Pizarro después de tanto afanar ya cedía al cansancio; sus miembros aunque duros como el bronce, el bronce también cede. Cubiertas todas las precauciones militares, pronto al primer grito de asalto, se retiró a su palacio a procurar un instante de sosiego, pero el amor devoraba sus entrañas, y una inquietud inconsolable conturbaba su pecho. Más expresiva que nunca salió Ocollo a su encuentro prodigándole mil fingidas caricias, y el alma de Pizarro adquiría vigor y vida a la vista de la hermosa, su amor ardía violento, y recordando que aquella noche sería la última de fingimiento, creyó llegado el instante venturoso. Empero, Ocollo que conoció ya exaltadas las pasiones de Pizarro, tomó un aspecto severo, y comenzó a esquivar sus caricias. Entonces el gobernador rehízo su orgullo, y la recordó el mandato, «esta noche, Ocollo, esta misma noche; es todo en vano...»

-No lo esperes, bárbaro, repuso la Peruana, jamás cederá Ocollo a la voz del matador de Atahulpa.

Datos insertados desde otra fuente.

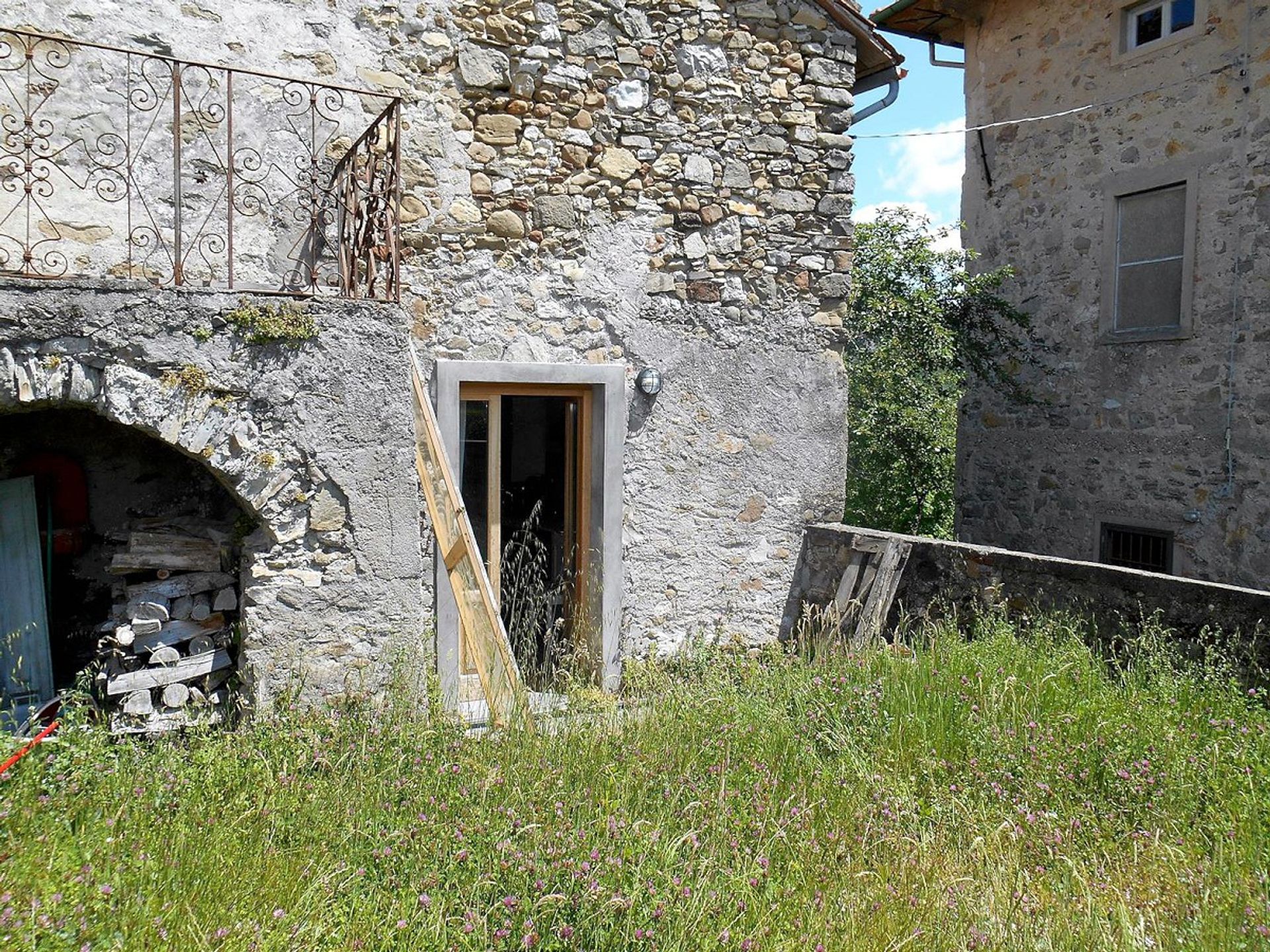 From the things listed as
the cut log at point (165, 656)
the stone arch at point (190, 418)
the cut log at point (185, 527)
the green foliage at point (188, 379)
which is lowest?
the cut log at point (165, 656)

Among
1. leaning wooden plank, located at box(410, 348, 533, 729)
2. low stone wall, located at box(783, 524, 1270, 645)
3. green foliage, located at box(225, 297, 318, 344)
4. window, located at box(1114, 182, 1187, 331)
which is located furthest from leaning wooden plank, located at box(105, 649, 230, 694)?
window, located at box(1114, 182, 1187, 331)

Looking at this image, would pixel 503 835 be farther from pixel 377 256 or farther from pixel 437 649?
pixel 377 256

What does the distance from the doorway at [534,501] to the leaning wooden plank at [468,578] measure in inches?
28.1

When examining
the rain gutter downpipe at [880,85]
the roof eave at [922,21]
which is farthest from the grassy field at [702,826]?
the roof eave at [922,21]

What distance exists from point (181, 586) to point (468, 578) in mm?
1424

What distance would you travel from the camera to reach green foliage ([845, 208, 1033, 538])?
8672 mm

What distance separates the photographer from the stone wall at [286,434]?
12.5 ft

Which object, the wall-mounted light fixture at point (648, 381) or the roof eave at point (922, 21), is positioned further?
the roof eave at point (922, 21)

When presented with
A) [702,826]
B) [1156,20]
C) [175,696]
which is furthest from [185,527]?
[1156,20]

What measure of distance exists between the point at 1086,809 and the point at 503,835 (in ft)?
7.55

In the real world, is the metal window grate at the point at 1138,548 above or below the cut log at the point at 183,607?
below

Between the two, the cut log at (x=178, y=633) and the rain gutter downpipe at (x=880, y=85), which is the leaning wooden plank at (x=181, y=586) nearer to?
the cut log at (x=178, y=633)

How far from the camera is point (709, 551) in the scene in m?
6.14

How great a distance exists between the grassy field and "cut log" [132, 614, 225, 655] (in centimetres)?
66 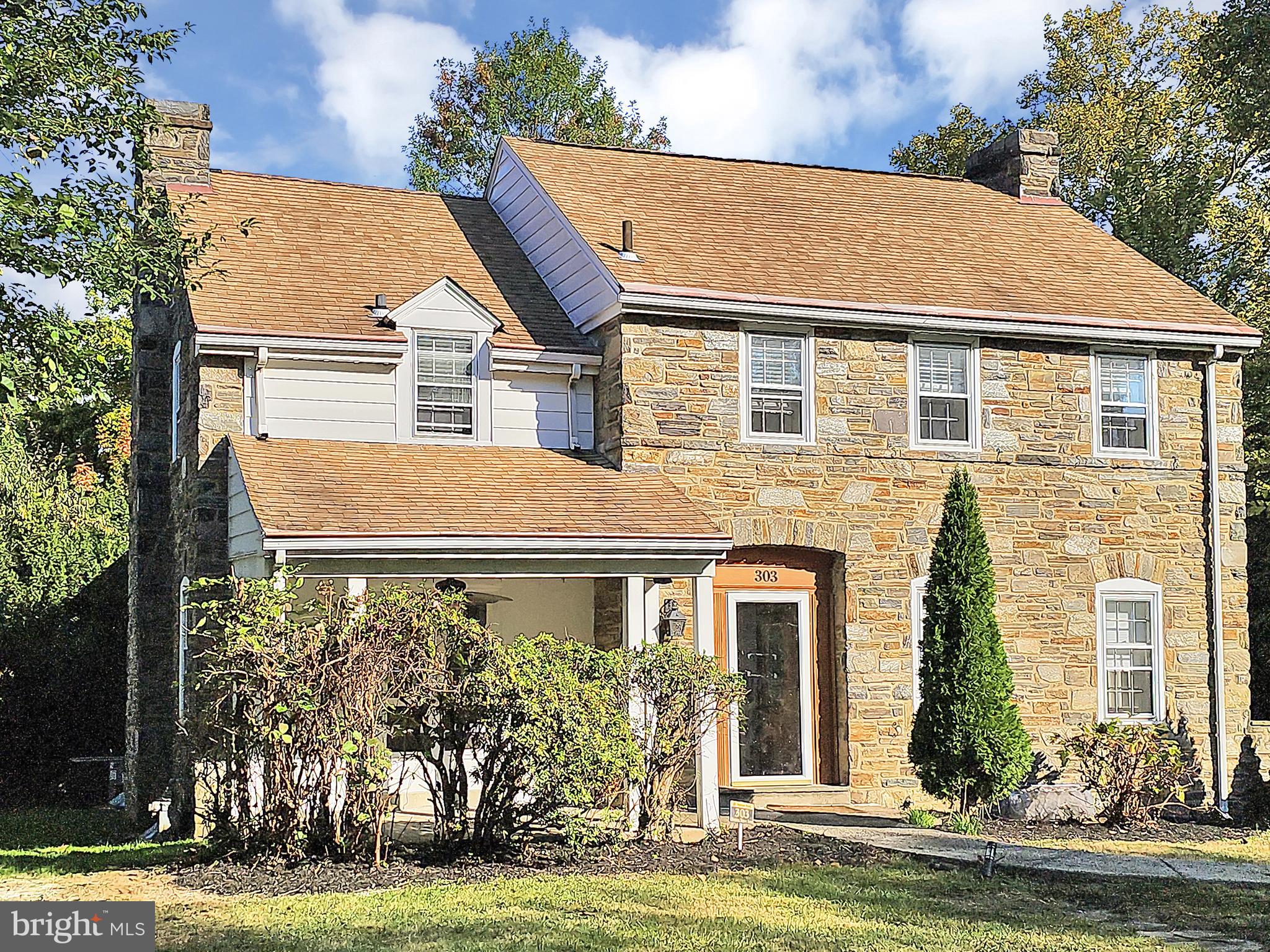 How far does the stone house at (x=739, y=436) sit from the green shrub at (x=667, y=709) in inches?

-Ah pérfida, y osaste... Está noche, esta misma noche... en vano procurarás desasir tu mano; entré mis nerviosos brazos expiarás tu crimen... Pizarro arrebataba la víctima cual una débil caña; Ocollo pálida en su tranquilidad parecía animada de un poder divino; ya el gobernador con negra boca ajaba las purpúreas mejillas, cuando Ocollo valerosa sepultó un puñal en su pecho, y atravesó sus entrañas. Pizarro cayó revolcándose entre un torrente de sangre, y Ocollo con el puñal humeando, enrojecido en sangre del conquistador, corrió valerosa, dio el grito de libertad, y volaron en tropel los esclavos. Estaban tomadas todas las precauciones; los Peruanos se apoderaron de las armas de la guardia, que perezosos sacudían un letargoso sueño, para morir matando entre el rugido de las cadenas de los esclavos; la guardia toda fue degollada, si bien a caro precio, y los amotinados volaron hacia una puerta de la ciudad para abrirla a sus compañeros. Los castellanos que coronaban los muros creyeron el tumulto una sorpresa del enemigo, les faltó el gobernador a su frente, y se pusieron en desorden. Tarde ya conocieron lo que causaba el movimiento, y la muerte de Pizarro; se habían forzado las puertas, y el ejército peruano avanzaba presuroso; empero, vivo combate se trabó en las calles entre la oscuridad de la noche, y los castellanos hubiesen entonado la victoria, pero Almagro cayó como una recia tempestad y decidió el triunfo. El ejército peruano se cebó con horror en los vencidos; en vano quisiera Almagro invocar en aquellos momentos el poder de la disciplina: cada soldado tenía que vengar mil víctimas de su familia, tenía que lavar su oprobio en la sangre de sus opresores, y sólo se escuchaban pavorosos gritos de muerte, libertad y venganza.